=== What is being asked ===
Transcribe the entries below exactly, starting with the line that has "Shop Impo Revla Sandal In White" and stopping after the line that has "Fashion Yoga Womens"; no pictures belong in the copy.

=== Raw data ===
□ □ □
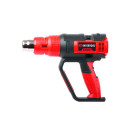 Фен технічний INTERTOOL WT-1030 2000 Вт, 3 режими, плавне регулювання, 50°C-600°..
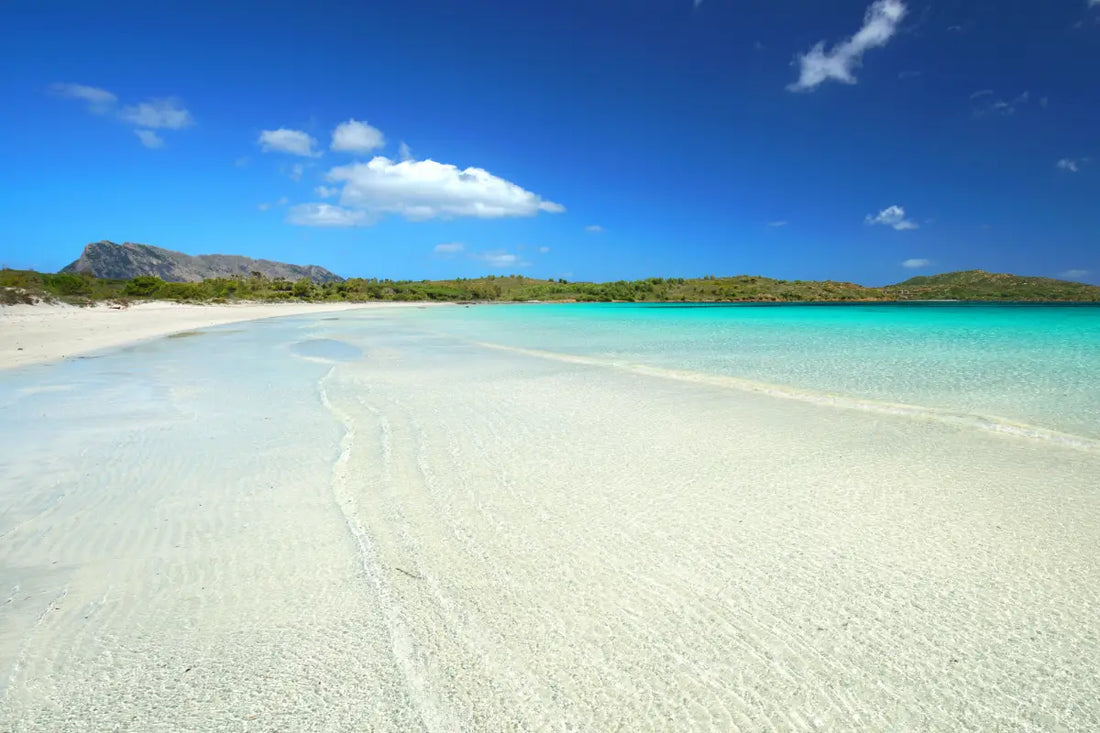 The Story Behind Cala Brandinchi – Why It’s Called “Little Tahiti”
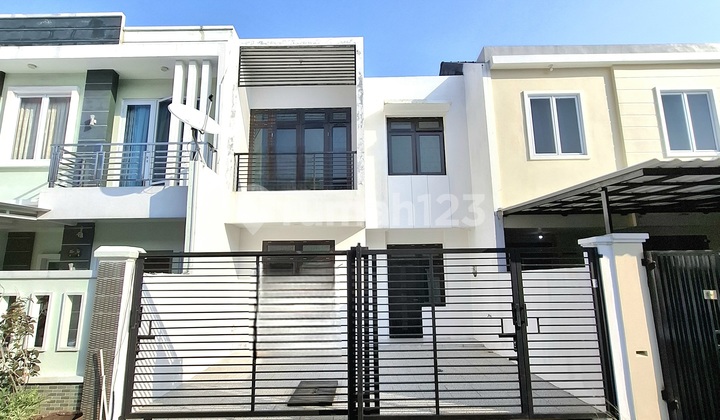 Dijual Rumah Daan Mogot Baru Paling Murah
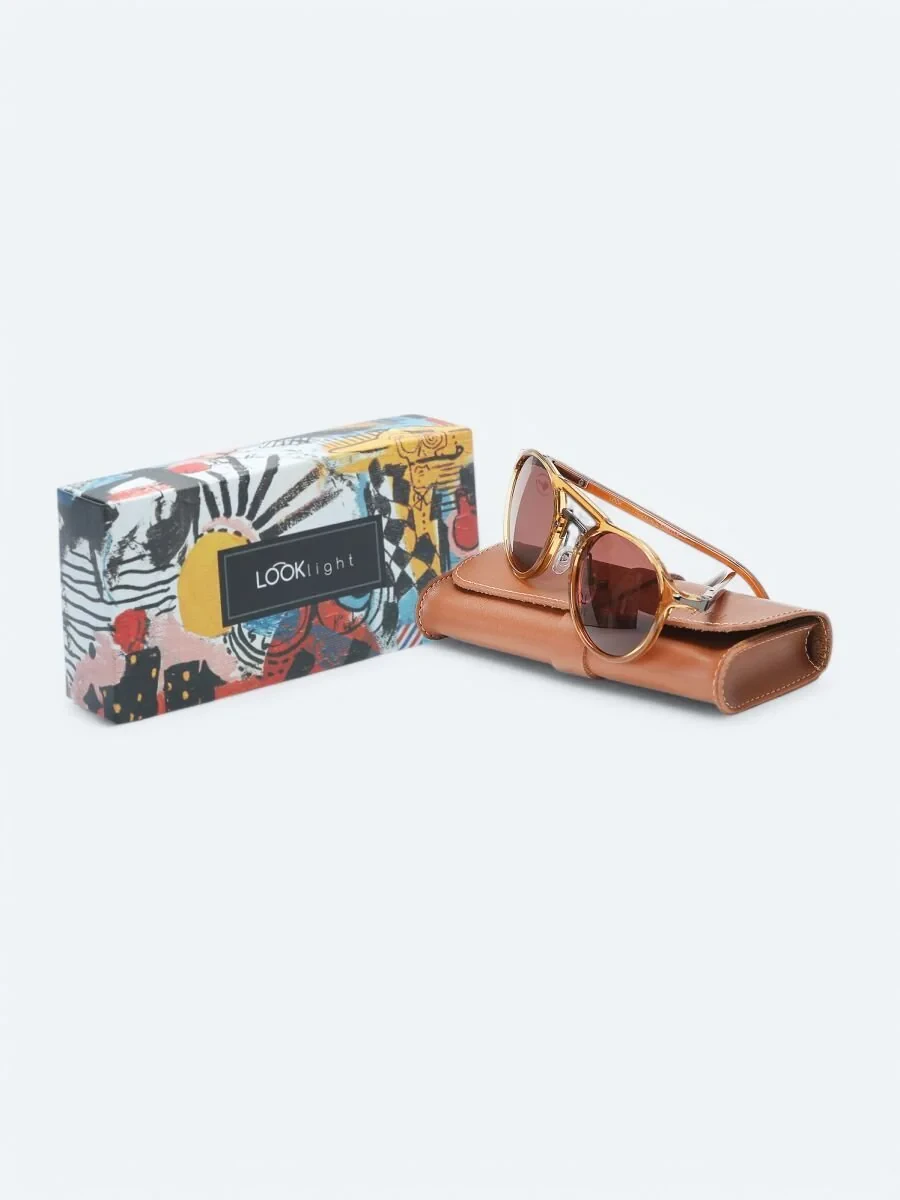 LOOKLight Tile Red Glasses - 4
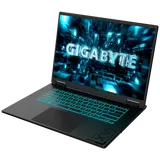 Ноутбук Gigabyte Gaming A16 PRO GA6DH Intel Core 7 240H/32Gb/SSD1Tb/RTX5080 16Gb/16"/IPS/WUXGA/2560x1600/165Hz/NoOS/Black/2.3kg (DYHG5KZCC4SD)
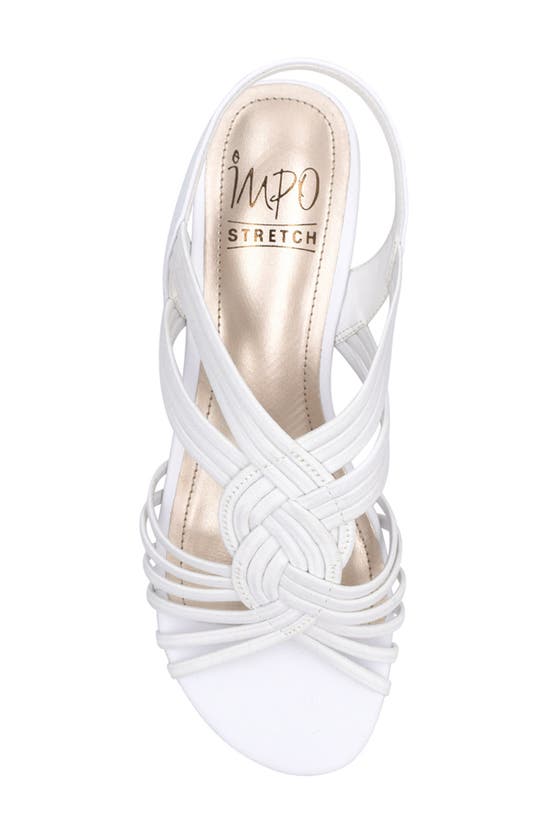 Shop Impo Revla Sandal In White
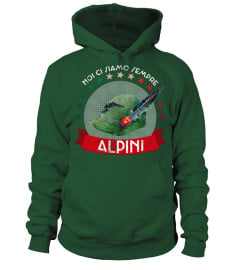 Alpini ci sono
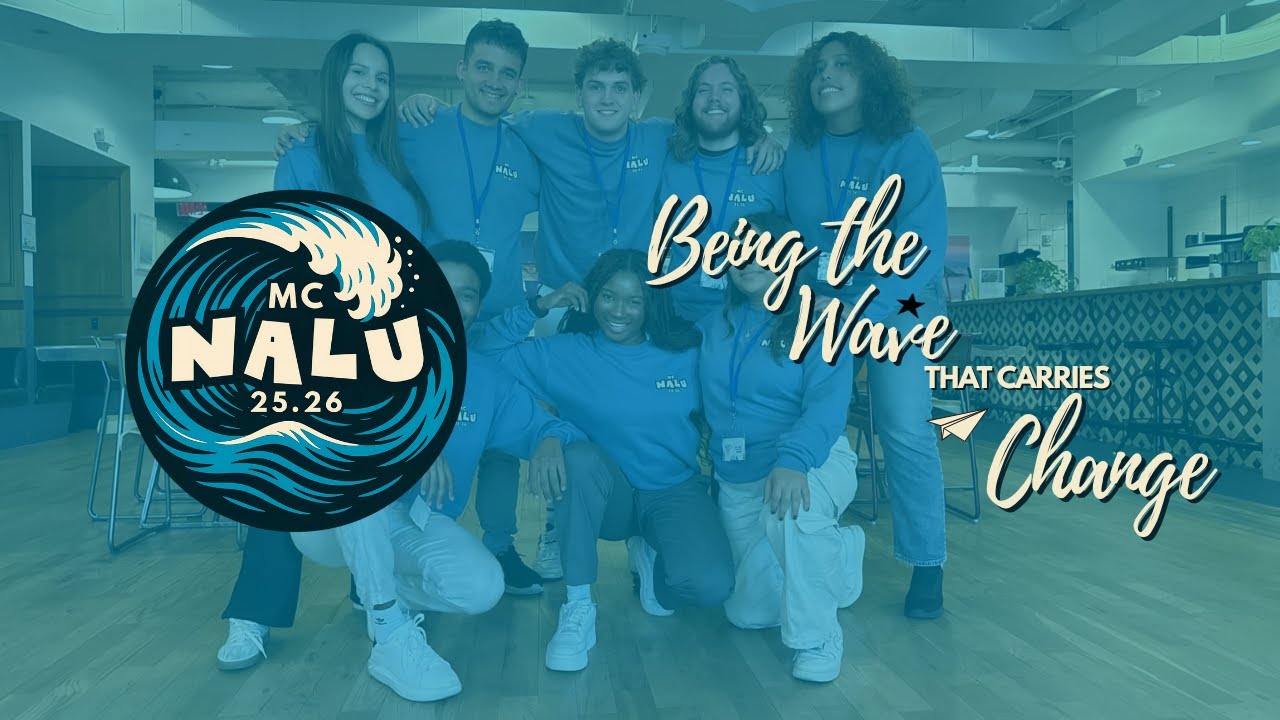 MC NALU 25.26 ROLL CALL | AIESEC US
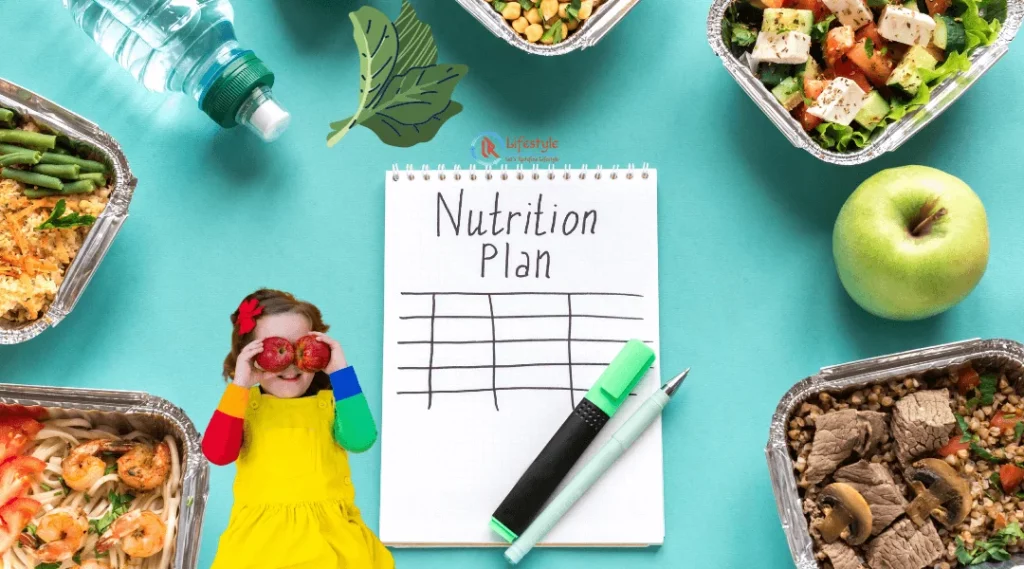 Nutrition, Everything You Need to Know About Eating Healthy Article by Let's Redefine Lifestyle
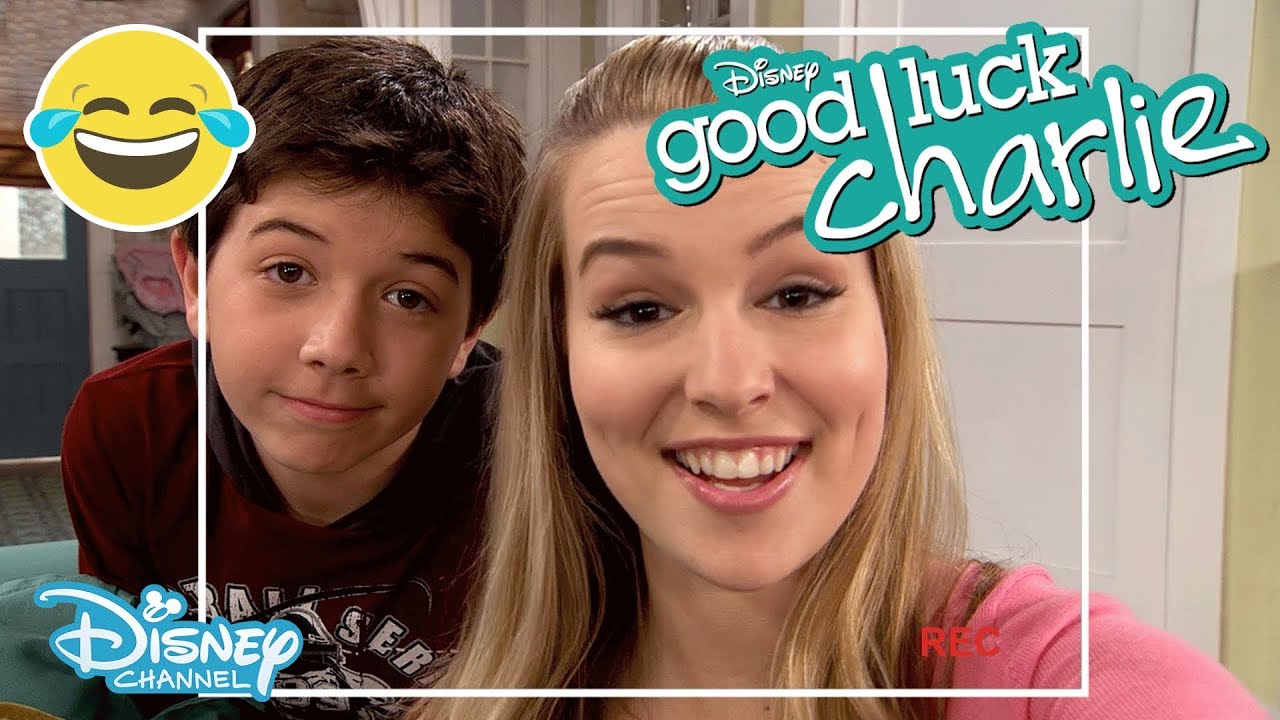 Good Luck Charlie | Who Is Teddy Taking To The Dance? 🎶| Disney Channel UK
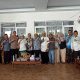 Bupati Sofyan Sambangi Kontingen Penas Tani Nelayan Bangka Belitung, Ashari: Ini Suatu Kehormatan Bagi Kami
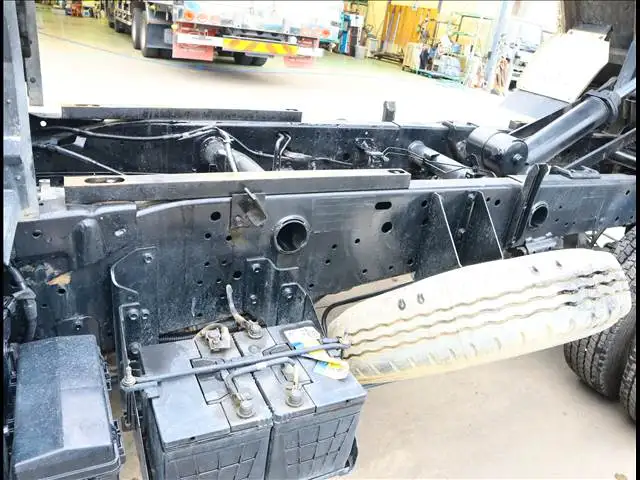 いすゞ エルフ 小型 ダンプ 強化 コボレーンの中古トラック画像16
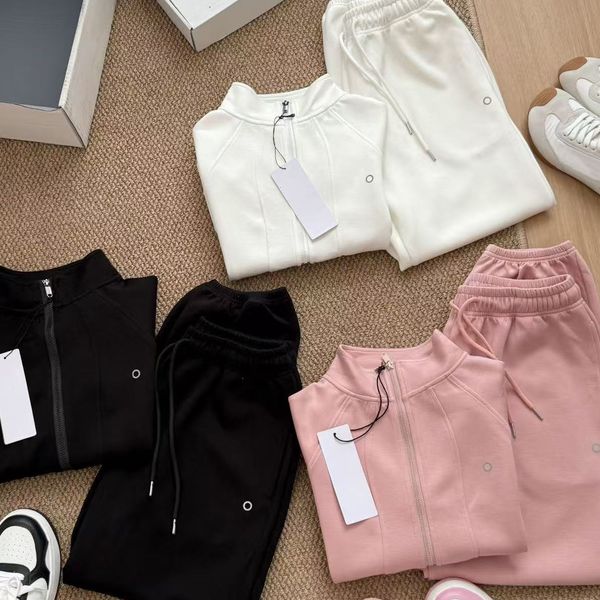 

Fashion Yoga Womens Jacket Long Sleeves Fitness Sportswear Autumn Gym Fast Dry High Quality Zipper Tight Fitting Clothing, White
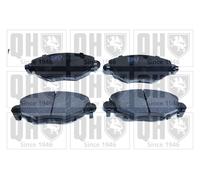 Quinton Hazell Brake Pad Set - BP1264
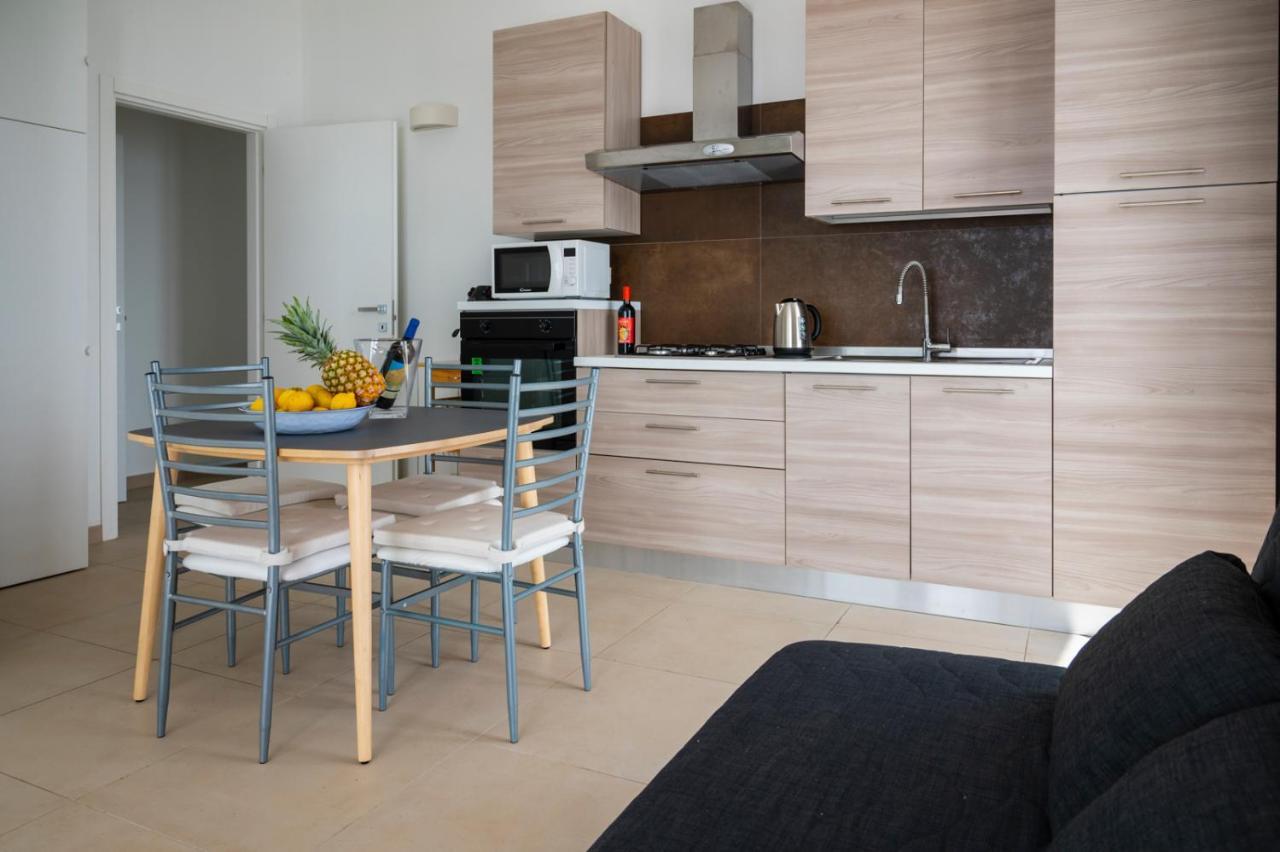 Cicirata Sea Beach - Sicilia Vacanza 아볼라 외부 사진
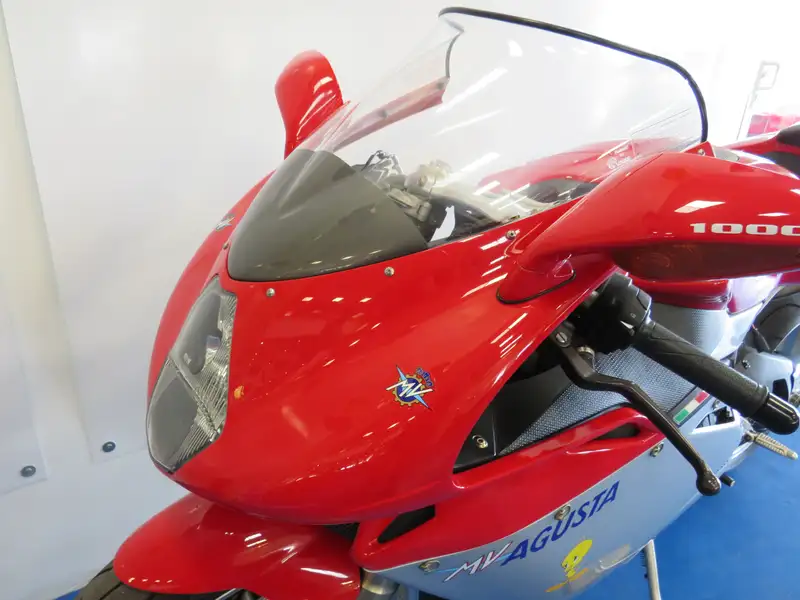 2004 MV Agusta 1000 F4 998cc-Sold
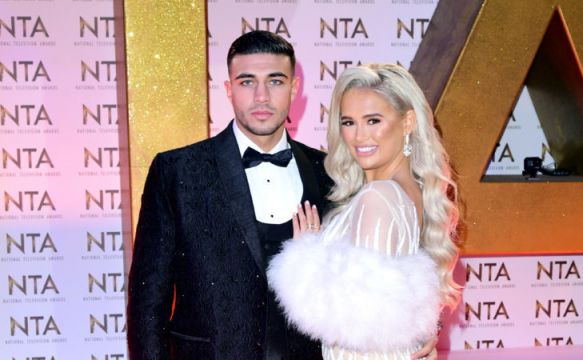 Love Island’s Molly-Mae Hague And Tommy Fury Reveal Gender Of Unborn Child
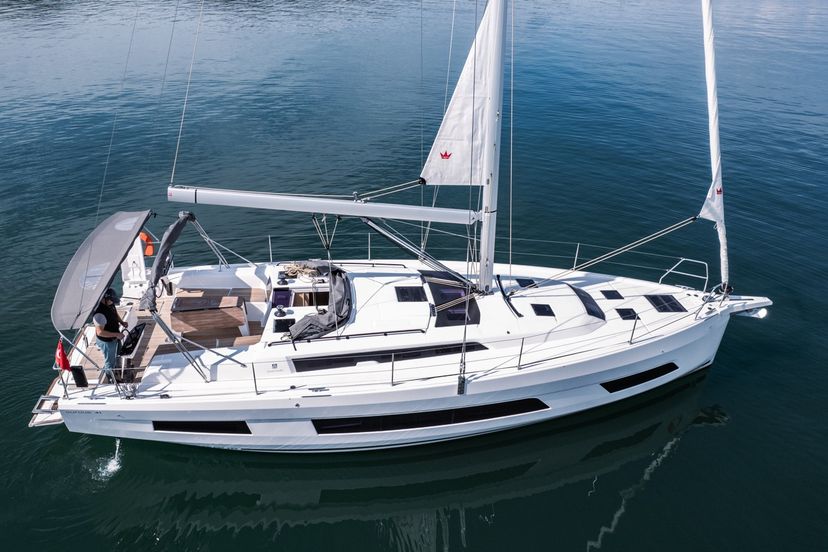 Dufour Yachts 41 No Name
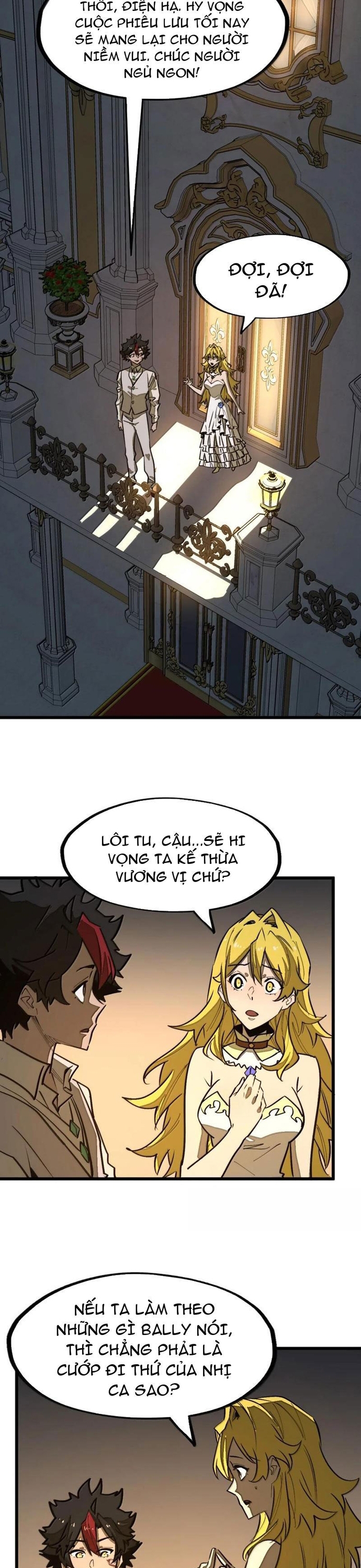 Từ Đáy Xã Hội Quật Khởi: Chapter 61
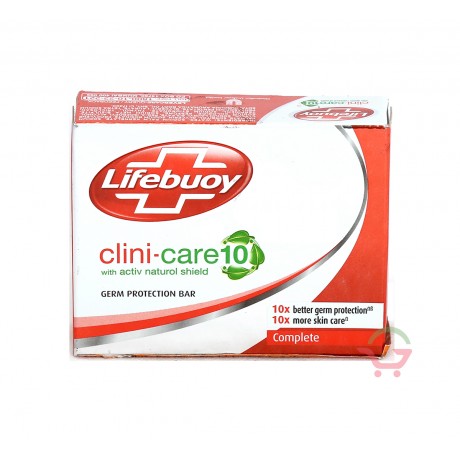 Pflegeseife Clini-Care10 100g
□ □ □
=== Your response ===
 Shop Impo Revla Sandal In White
 Alpini ci sono
 MC NALU 25.26 ROLL CALL | AIESEC US
 Nutrition, Everything You Need to Know About Eating Healthy Article by Let's Redefine Lifestyle
 Good Luck Charlie | Who Is Teddy Taking To The Dance? 🎶| Disney Channel UK
 Bupati Sofyan Sambangi Kontingen Penas Tani Nelayan Bangka Belitung, Ashari: Ini Suatu Kehormatan Bagi Kami
 いすゞ エルフ 小型 ダンプ 強化 コボレーンの中古トラック画像16

Fashion Yoga Womens Jacket Long Sleeves Fitness Sportswear Autumn Gym Fast Dry High Quality Zipper Tight Fitting Clothing, White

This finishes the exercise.